The Treaty of Jaffa was, in some respects, the product of a bluff. Saladin was in a very weak position, but so was Richard. The difference is that Richard knew Saladin was in trouble, but Saladin didn’t really know how anxious Richard was to return home. So Richard negotiated from a position of strength that he really didn’t have. The treaty called for a three year cessation in hostilities, during which time Saladin would not attack any of the Crusader kingdoms along the Mediterranean coast and would allow Christian pilgrims to visit any holy sites in his territory, including Jerusalem. Richard agreed to surrender the city of Ascalon to Saladin, but only after destroying its fortifications first so as to leave it (at least temporarily) defenseless. All things considered, it was a good deal for the Crusader kingdoms, which—had Richard never arrived—might all have fallen to Saladin at some point. Richard finally left for home on October 9, and the Third Crusade was finished.
As it turned out, that three year moratorium became a much bigger deal when Saladin died suddenly of a fever in March 1193. He was in his mid-50s, so not exactly young by the standards of the time but not old either. It would be a slight exaggeration to say that the Ayyubid Dynasty he founded went into decline immediately upon his death, but only slight. After a succession of ineffectual rulers, the dynasty was overthrown by its mamluk slave army in 1250, though it took the new Mamluk Sultanate another decade to complete its takeover of all former Ayyubid lands. The Mamluks would eventually bring the Crusader presence in the Levant to an end, but not until 1291.
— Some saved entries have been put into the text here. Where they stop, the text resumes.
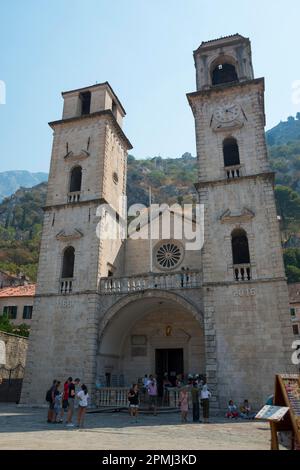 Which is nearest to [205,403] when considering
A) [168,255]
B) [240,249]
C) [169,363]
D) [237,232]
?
[169,363]

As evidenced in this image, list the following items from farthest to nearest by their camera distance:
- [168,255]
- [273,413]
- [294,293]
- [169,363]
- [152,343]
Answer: [294,293] < [168,255] < [152,343] < [169,363] < [273,413]

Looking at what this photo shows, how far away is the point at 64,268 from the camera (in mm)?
20984

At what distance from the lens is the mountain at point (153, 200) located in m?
66.6

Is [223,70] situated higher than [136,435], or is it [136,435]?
[223,70]

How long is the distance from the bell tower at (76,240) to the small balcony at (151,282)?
2.45 feet

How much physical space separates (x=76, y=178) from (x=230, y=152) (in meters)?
9.52

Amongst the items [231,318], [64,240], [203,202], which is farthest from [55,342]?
[203,202]

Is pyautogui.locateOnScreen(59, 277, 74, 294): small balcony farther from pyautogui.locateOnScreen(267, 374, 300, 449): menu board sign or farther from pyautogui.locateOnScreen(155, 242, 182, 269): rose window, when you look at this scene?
pyautogui.locateOnScreen(267, 374, 300, 449): menu board sign

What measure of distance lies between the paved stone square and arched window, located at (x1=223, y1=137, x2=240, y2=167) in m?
13.1

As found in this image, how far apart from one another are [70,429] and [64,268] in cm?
1134

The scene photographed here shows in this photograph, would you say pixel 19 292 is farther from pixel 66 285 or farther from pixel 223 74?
pixel 223 74

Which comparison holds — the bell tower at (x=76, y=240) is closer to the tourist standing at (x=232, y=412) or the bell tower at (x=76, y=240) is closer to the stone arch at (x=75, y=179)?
the stone arch at (x=75, y=179)

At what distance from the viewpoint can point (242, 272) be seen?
1738cm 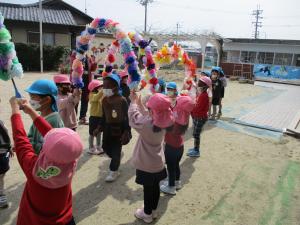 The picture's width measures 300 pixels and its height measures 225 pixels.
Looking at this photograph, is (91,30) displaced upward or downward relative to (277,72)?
upward

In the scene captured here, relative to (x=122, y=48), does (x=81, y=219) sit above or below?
below

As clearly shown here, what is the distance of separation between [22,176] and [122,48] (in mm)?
2803

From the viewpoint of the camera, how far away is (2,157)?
363cm

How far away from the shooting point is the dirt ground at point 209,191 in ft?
13.0

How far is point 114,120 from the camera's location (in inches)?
185

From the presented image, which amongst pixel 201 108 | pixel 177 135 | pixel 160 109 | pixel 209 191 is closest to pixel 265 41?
pixel 201 108

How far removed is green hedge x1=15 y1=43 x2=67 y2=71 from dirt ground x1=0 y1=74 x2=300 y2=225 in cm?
1665

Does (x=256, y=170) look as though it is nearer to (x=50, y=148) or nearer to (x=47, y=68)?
(x=50, y=148)

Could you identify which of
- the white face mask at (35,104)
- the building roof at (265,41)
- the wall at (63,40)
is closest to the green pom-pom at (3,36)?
the white face mask at (35,104)

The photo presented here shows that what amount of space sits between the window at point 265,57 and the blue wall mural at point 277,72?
11.7 feet

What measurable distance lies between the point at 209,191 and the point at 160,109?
6.97ft

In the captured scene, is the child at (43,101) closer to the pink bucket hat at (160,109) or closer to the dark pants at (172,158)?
the pink bucket hat at (160,109)

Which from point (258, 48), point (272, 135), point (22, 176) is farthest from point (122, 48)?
point (258, 48)

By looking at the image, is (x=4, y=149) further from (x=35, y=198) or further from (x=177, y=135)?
(x=177, y=135) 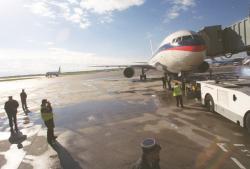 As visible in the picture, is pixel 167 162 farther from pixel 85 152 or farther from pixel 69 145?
pixel 69 145

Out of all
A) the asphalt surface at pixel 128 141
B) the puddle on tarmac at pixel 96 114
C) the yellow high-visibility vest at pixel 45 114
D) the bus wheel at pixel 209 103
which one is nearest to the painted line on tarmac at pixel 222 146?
the asphalt surface at pixel 128 141

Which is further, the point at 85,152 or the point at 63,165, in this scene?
the point at 85,152

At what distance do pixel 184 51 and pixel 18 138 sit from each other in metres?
14.7

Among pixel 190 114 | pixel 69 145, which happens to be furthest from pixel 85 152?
pixel 190 114

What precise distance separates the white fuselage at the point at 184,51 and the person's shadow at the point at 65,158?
14.1 meters

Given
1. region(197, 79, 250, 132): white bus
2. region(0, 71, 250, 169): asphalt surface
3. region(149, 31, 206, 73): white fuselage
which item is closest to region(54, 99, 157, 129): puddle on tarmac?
region(0, 71, 250, 169): asphalt surface

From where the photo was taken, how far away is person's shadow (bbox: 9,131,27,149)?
11.1 m

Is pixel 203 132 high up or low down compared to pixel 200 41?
down

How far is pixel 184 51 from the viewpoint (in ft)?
69.4

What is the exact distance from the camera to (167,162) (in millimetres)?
7750

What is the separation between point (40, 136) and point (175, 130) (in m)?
6.41

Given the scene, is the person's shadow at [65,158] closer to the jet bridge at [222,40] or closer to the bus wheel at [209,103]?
the bus wheel at [209,103]

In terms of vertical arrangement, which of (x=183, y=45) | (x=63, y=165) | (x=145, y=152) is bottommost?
(x=63, y=165)

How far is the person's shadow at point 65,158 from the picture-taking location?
7954 millimetres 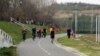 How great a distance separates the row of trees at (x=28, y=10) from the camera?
89.9 meters

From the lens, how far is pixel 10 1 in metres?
94.1

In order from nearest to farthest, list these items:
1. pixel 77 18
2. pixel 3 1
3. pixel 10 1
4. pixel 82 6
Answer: pixel 77 18, pixel 3 1, pixel 10 1, pixel 82 6

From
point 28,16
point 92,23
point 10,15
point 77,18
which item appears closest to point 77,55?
point 92,23

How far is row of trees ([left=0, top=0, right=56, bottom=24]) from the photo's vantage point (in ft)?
295

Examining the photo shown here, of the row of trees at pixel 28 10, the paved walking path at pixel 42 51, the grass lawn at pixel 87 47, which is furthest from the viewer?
the row of trees at pixel 28 10

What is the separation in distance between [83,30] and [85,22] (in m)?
2.01

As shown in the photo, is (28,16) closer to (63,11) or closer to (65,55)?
(63,11)

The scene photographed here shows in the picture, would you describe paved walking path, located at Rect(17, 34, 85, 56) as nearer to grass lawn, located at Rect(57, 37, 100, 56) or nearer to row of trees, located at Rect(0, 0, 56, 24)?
grass lawn, located at Rect(57, 37, 100, 56)

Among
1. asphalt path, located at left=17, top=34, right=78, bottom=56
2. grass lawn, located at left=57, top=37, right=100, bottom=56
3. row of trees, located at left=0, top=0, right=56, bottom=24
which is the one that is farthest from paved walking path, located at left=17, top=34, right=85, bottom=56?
row of trees, located at left=0, top=0, right=56, bottom=24

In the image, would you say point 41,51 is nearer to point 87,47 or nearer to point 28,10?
point 87,47

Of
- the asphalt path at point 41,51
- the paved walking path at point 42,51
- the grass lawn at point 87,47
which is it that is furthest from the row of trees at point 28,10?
the paved walking path at point 42,51

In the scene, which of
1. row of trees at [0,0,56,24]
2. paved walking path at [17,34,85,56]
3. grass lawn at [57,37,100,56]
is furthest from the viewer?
row of trees at [0,0,56,24]

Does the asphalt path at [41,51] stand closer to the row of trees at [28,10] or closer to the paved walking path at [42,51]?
the paved walking path at [42,51]

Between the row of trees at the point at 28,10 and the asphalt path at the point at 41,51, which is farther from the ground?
the asphalt path at the point at 41,51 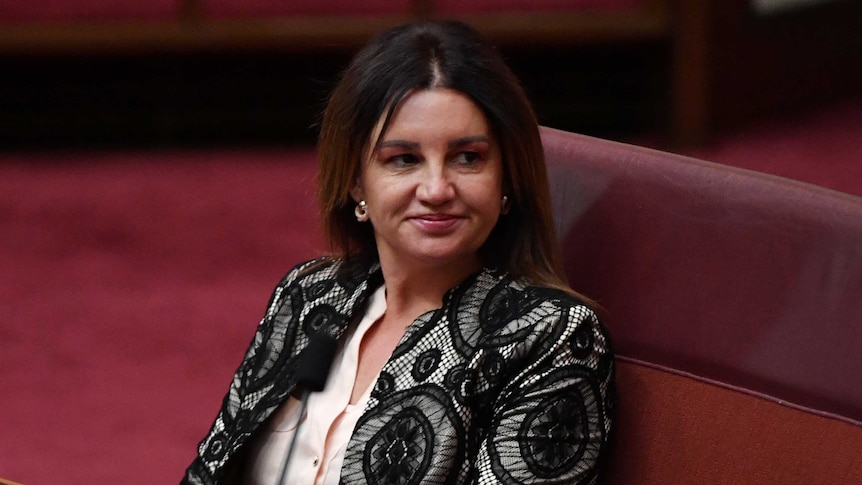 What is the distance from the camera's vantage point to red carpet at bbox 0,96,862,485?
2.26 m

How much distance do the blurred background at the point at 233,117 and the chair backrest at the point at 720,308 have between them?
1398 millimetres

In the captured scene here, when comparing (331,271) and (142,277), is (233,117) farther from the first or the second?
(331,271)

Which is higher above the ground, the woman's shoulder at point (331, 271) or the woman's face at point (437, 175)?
the woman's face at point (437, 175)

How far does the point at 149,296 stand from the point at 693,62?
55.2 inches

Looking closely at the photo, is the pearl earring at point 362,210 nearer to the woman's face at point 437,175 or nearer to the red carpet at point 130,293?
the woman's face at point 437,175

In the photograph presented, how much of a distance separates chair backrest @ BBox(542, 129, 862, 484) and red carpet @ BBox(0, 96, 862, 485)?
111 cm

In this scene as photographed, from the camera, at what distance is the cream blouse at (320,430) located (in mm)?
1230

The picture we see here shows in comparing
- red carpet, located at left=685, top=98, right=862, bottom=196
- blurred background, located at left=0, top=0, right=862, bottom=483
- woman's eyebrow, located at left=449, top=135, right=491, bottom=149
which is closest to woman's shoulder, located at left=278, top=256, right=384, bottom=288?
woman's eyebrow, located at left=449, top=135, right=491, bottom=149

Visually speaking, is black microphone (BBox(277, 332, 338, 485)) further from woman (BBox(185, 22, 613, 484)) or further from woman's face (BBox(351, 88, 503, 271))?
woman's face (BBox(351, 88, 503, 271))

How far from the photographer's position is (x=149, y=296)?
2.70 m

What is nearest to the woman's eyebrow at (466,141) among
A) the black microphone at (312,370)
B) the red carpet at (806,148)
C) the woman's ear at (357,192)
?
the woman's ear at (357,192)

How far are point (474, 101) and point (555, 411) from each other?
28 centimetres

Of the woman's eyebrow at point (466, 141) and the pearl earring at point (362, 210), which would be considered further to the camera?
the pearl earring at point (362, 210)

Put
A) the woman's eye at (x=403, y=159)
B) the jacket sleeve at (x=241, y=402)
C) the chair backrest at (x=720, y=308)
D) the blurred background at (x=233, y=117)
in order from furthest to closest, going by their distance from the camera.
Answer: the blurred background at (x=233, y=117) < the jacket sleeve at (x=241, y=402) < the woman's eye at (x=403, y=159) < the chair backrest at (x=720, y=308) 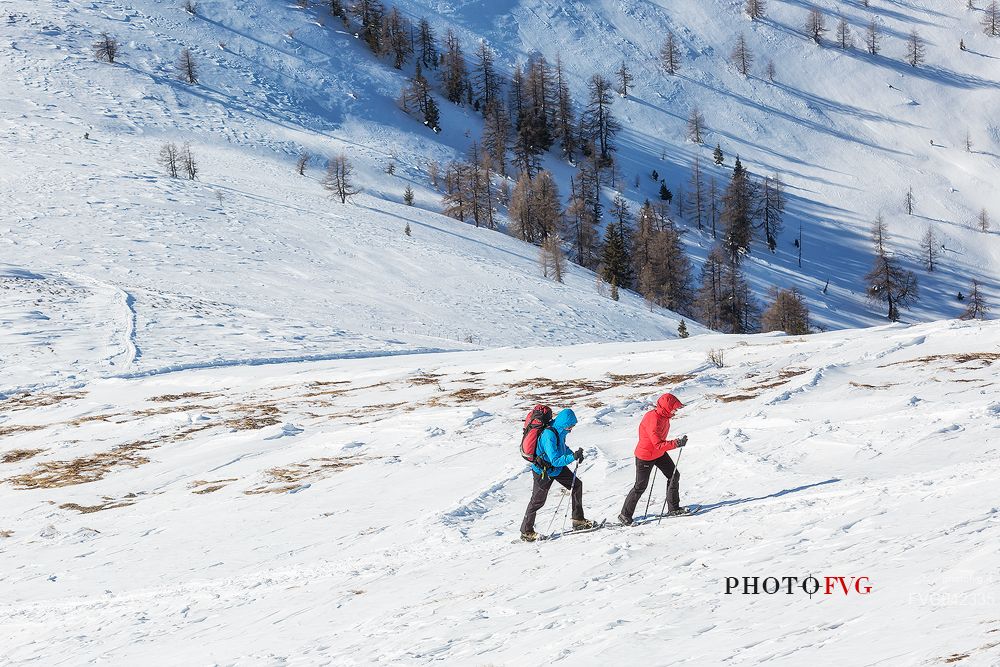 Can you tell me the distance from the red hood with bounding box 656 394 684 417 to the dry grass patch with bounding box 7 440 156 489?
1137 cm

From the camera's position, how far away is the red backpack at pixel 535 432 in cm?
1034

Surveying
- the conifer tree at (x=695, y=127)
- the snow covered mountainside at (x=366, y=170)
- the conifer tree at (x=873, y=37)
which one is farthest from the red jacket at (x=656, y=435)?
the conifer tree at (x=873, y=37)

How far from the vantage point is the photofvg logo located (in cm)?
715

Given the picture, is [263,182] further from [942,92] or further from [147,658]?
[942,92]

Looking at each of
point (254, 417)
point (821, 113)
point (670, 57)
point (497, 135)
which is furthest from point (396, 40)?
point (254, 417)

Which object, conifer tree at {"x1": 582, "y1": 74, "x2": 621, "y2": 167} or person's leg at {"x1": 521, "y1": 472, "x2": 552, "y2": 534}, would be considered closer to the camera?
person's leg at {"x1": 521, "y1": 472, "x2": 552, "y2": 534}

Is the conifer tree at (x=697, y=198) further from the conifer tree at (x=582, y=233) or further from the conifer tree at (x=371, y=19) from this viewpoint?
the conifer tree at (x=371, y=19)

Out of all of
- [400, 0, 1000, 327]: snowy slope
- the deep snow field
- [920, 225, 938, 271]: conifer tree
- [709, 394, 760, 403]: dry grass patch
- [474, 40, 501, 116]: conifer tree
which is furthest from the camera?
[474, 40, 501, 116]: conifer tree

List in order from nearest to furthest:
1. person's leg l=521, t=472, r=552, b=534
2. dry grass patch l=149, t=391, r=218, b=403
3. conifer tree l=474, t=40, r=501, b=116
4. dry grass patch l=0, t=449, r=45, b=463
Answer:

Richard, meanwhile, sailed for home, but had to land on the northern Adriatic coast and go overland through central Europe. Along the way he was arrested by Leopold V of Austria, who suspected (with good reason) that Richard had hired the Assassins who murdered Conrad of Montferrat, who happened to be Leopold’s cousin. Leopold handed Richard over to Holy Roman Emperor Henry VI, who then ransomed him back to England for a huge sum of money (literally a king’s ransom, I guess). Richard intended to go back on Crusade and try again to capture Jerusalem, but he was killed in 1199 while still at war in France.
The Crusaders’ relationship with the Byzantine Empire, their other potential lifeline, was of course badly frayed by this point, and the subsequent Fourth Crusade would break it (and the Empire) altogether.
In my opinion the Fourth, Sixth, and Eighth Crusades are more farces than serious efforts and the Ninth Crusade was barely a campaign at all.